18.03.2012/XNUMX/XNUMX - L'industrie allemande découvre le Canada
L'Allemagne veut collaborer avec l'industrie extractive canadienne pour sécuriser les minéraux à plus long terme. Le Canada y voit également des avantages: des partenaires dans l'exploitation coûteuse des matières premières sont indispensables.
L'industrie allemande recherche une coopération avec le Canada dans le secteur de l'extraction. Le pays est considéré comme un partenaire stratégique potentiel pour garantir un accès à long terme aux minéraux et métaux essentiels. À l’inverse, les entreprises canadiennes souhaitent trouver des partenaires pour le développement coûteux et risqué de nouveaux stocks de produits de base.
Les représentants de l’agence allemande des matières premières (DERA), de l’économie et de l’institut Helmholtz Freiberg pour la technologie des ressources ont clairement montré l’intérêt manifesté lors du congrès de la Prospectors and Developers Association of Canada (PDAC) à Toronto. Le congrès est considéré comme le plus grand salon professionnel au monde consacré à l'exploration de matières premières.
"Le Canada est l’un des plus importants fournisseurs de matières premières. En raison de sa taille et de sa géologie, le Canada a un potentiel énorme pendant des décennies ", a déclaré Volker Steinbach de DERA. L'Allemagne, par contre, dépend des importations et la demande augmentera.
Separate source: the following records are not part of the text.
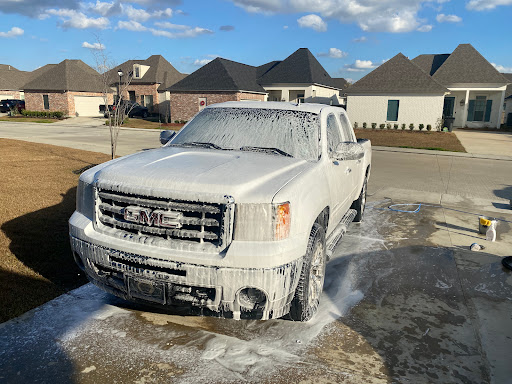 Braxtons mobile detailing - Visual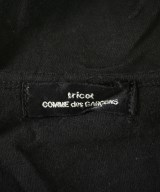 tricot COMME des GARCONS（トリココムデギャルソン）Tシャツ・カットソー 黒 サイズ:-(L位) レディース/2200707791098
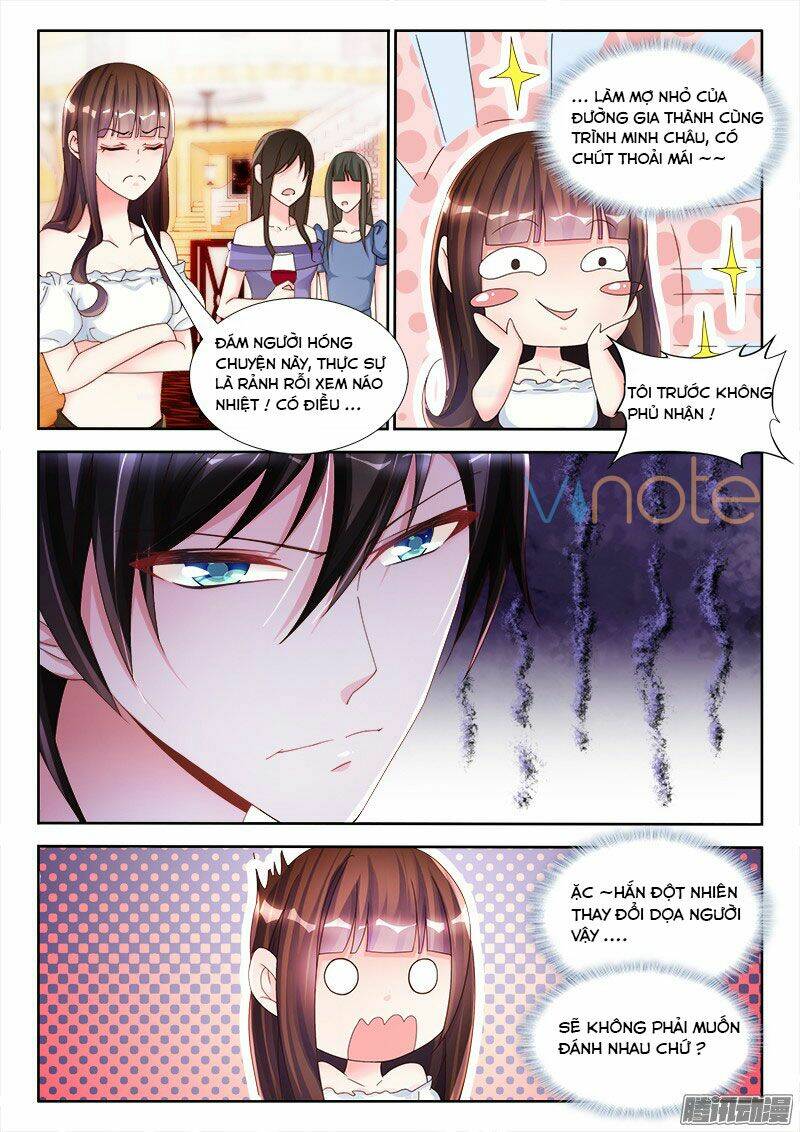 đế hào lão công thật ngông cuồng chapter 10 3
La Commission européenne a classé les matières premières 14 comme "critiques pour l'approvisionnement". Celles-ci revêtent une importance particulière pour l'industrie, mais sont peu disponibles dans l'UE et ne peuvent actuellement pas être remplacées par d'autres substances. Pour une étude avec la Chambre de commerce et d'industrie germano-canadienne, DERA a sélectionné huit substances nécessaires, par exemple, pour la construction de systèmes solaires, de batteries pour voitures hybrides et électriques et de piles à combustible, ainsi que d'alliages spéciaux pour la médecine et les téléphones mobiles. Les métaux abondants au Canada comprennent le germanium, les terres rares, le tantale, le tungstène et les minéraux industriels, le spath fluor et le graphite.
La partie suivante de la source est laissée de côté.